Los anuncios de la Ministra de Economía constituyen, tal vez, el último instrumento para aferrarse en la tormenta. Ante la incertidumbre y los zamarreos políticos, la lectura atenta del establishment mediático resulta ordenadora. | Por Olivia Salas

La ministra de Economía, Silvina Batakis, concentra hoy casi toda la atención del sistema político y la patria financiera. Su batería de medidas para hacer frente al delicado contexto que le toca pilotear constituyen tal vez la última chance del Gobierno para atravesar el tembladeral político bajo el asedio de la tormenta económica.

Las tapas de los diarios de ayer y hoy dan por sentada una serie de prejuicios. Por enésima vez, Joaquín Morales Solá escribió sobre la disolución del kirchnerismo y no faltaron ecos en Clarín sobre las imputaciones contra la vicepresidenta Cristina Kirchner que podían escucharse en la congregación del odio que se televisó el sábado por la tarde.

Esta mañana el tema excluyente es, sin embargo, el mensaje de Batakis. Extraña pero necesaria prenda de unidad en un Frente de Todos que tambaleó como nunca la semana pasada, la funcionaria ha tratado de no desairar a ninguna de las tribus oficialistas.

Por un lado, mentó la continuidad de la botonera que dejó el saliente Martín Guzmán, con respecto al acuerdo con el FMI, las metas fiscales y la segmentación. Por otro lado, armó un equipo que supondría un despliegue más vigoroso para el control de precios, advirtió que los dólares no podían irse por la canaleta del turismo y aceptó la ratificación de los funcionarios del área de Energía que su antecesor pretendía expulsar.
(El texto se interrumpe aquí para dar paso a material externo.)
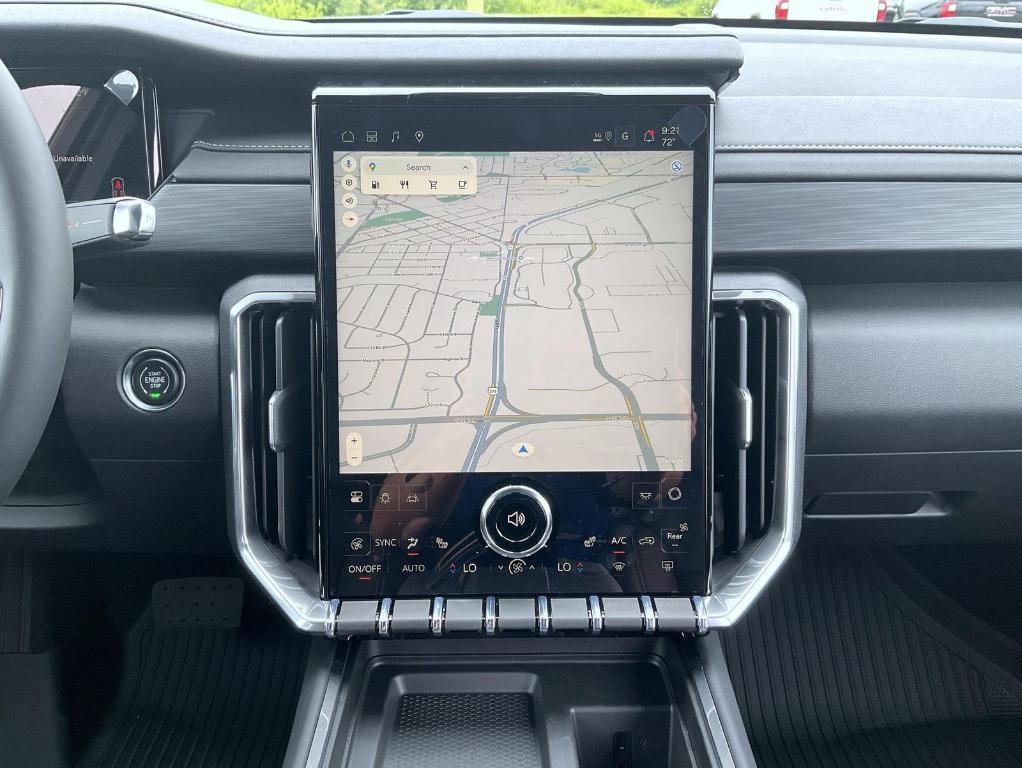 new 2025 GMC Acadia car, priced at $50,174
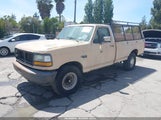 FORD F250 2FTEF25Y7NCA41692 снимка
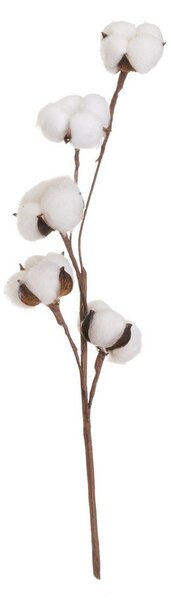 Umjetna suha biljka (visina 55 cm) Cotton – Casa Selección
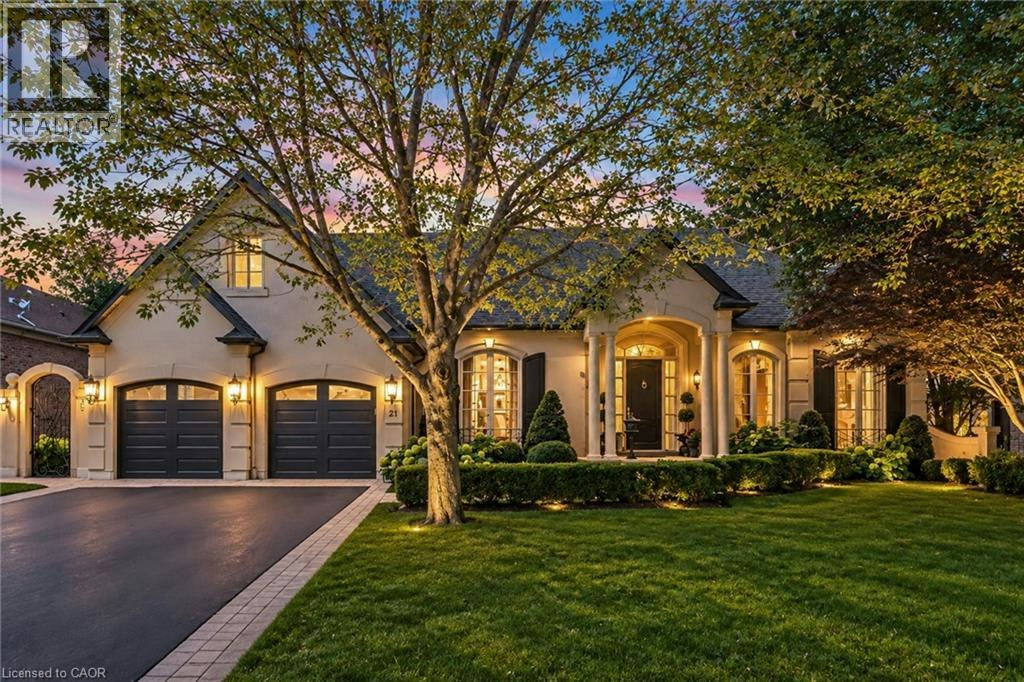 21 Harrington Place, Hamilton, ON, L9G 4Z2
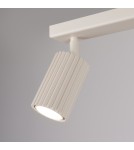 Adjustable ceiling lamps - spots - Sollux Plafond KARBON 2 beige SL.1599 - product 7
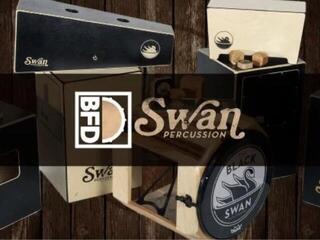 Campioni Audio e Librerie BFD Swan Percussion (Prodotto digitale)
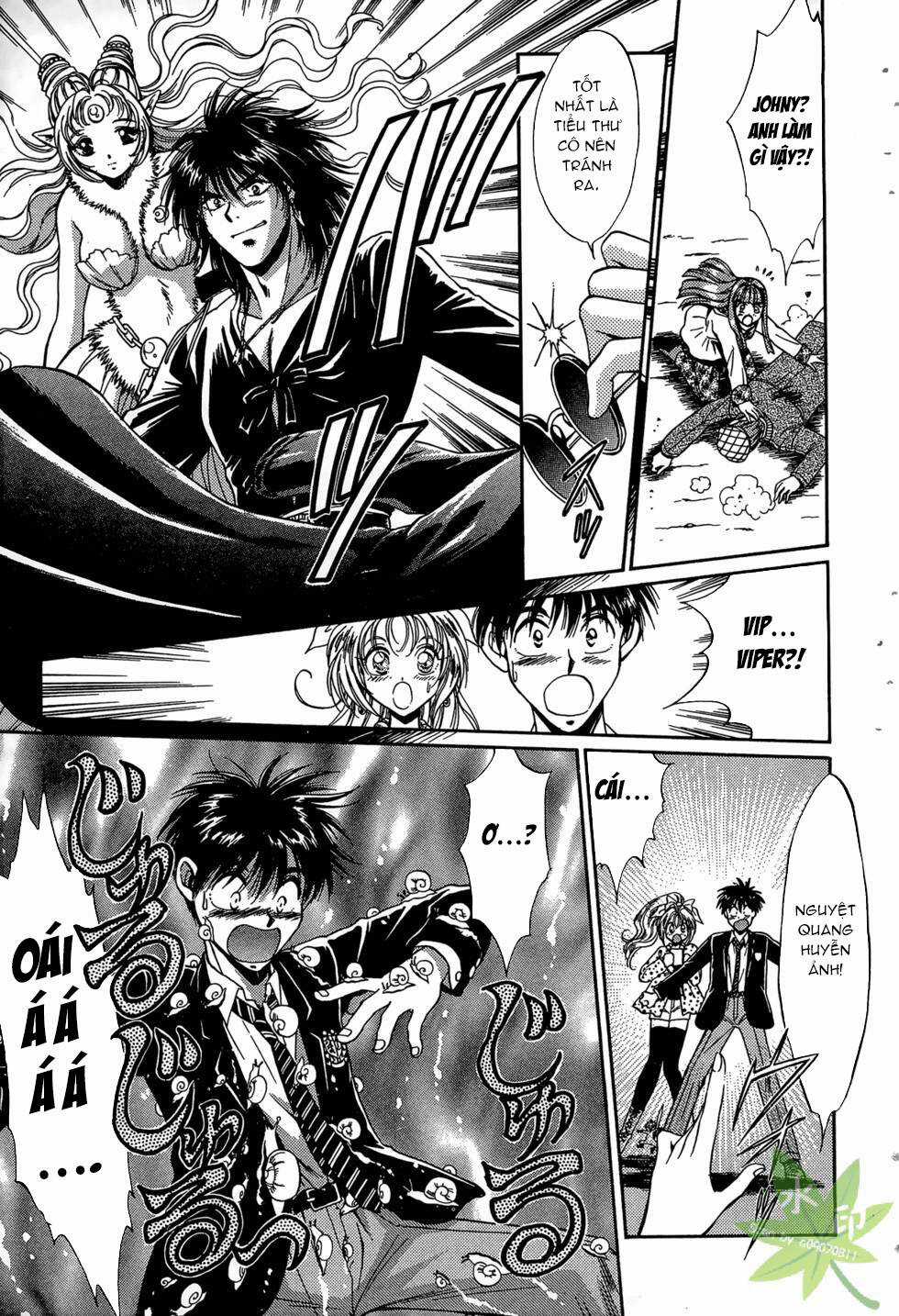 Itadaki Shunpei!! - Chapter 34 - Trang 30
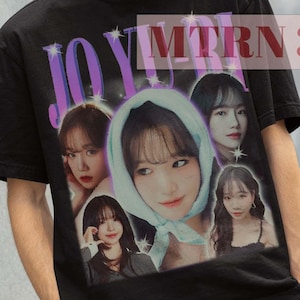 Camiseta Jo Yu-ri, camisetas vintage Jo Yu-ri, camisa retro Jo Yuri, camisetas retro Jo Yuri, camisetas de regalo Jo Yuri Kdrama, camisa Kdrama, fan de Jo Yuri Kdrama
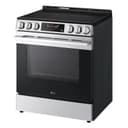 6.3 Cu Ft. Smart Electric Slide-in Range With Air Fry & Easyclean® view 8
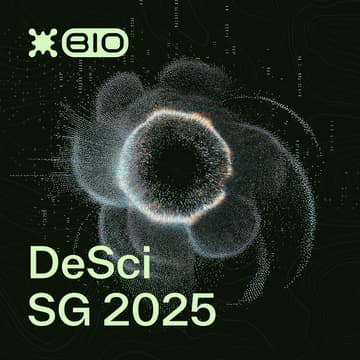 Cover Image for DeSci Summit Singapore | 2025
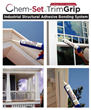 Chemical Concepts Unveils its TrimGrip™ Line of Bonding Adhesives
Frente a la agudización del golpe de mercado que la recibió en su nuevo cargo, la ambigüedad le sirvió para ganar tiempo. Haya sido planeado o haya brotado de carambola, su deslizamiento pendular posterga cualquier veredicto y la convierte en un instrumento de flotación ante los vaticinios de naufragio.

Pero si para muestra basta un botón, ya está la impugnación de la tribuna de doctrina. Jorge Liotti publicó en el diario de los herederos de Bartolomé Mitre que “el establishment dirigencial descuenta que Batakis va a responder a los lineamientos de Cristina”, y consignó que la consultora Infomedia, de _Roberto Starke_, planteó que “no va a tomar ninguna decisión sin la consulta correspondiente a la vicepresidenta. Su referente no es Alberto Fernández, sino Cristina Kirchner”.

En tanto, citó también el dictamen de Equilibra, la consultora de _Martín Rapetti_ y _Diego Bossio_: “Su cercanía con Cristina Kirchner nos hace pensar que difícilmente implemente una moderación del gasto. Por el contrario, no nos sorprendería una expansión del gasto”.

Al interior de la coalición gubernamental se discute sobre el inocuo pasaje de la idea de correlación de fuerzas al concepto de margen de maniobra. Hay quienes esperan ver los cambios para creer en Batakis y prestan atención a que la Vicepresidenta no la vetó pero tampoco se adjudican su nombramiento en el kirchnerismo.

Un importantísimo dirigente fabril que supo conducir la AEA le dijo a este medio hace unos días que “hay que ordenar la política y, por añadidura, se va a ordenar la economía”.

Desde el Banco Central –donde Miguel Pesce resistió al último embate de Guzmán y sugirió al presidente Alberto Fernández la designación de Batakis como relevo- sostienen que hay que saber leer el cambio. “Esta semana hubo un quiebre en la política muy relevante: la macro es exigente pero, si bajamos los brazos, será devastador para el pueblo”, consignan, y agregan: “El mercado quiere un golpe financiero y seguir con uno institucional”.

Al borde del abismo que tiende el poder real, conviene apretar los dientes y enfocar la mirada en las usinas ideológicas de la oposición. Si el peronismo es confusión, el plan de operaciones de la derecha resulta ordenador.

Al respecto, dice La Nación: “Batakis ya está seteada para retomar el reclamo de un replanteo de metas con el FMI, con el argumento de la guerra en Ucrania. Es parte de las medidas que intenta articular para dar un vuelco en las expectativas. Entre los temas que trabaja se incluyen un dólar desdoblado para el turismo, posibles modificaciones en algunos impuestos para hacer más progresiva la pirámide tributaria, una suba de tasas en bonos del Tesoro y para los depósitos, y una alícuota especial del 15% para la renta inesperada”.

La única verdad es la realidad, pero cuando la cosa se pone fulera… la única esperanza es el nerviosismo de los dueños de todo.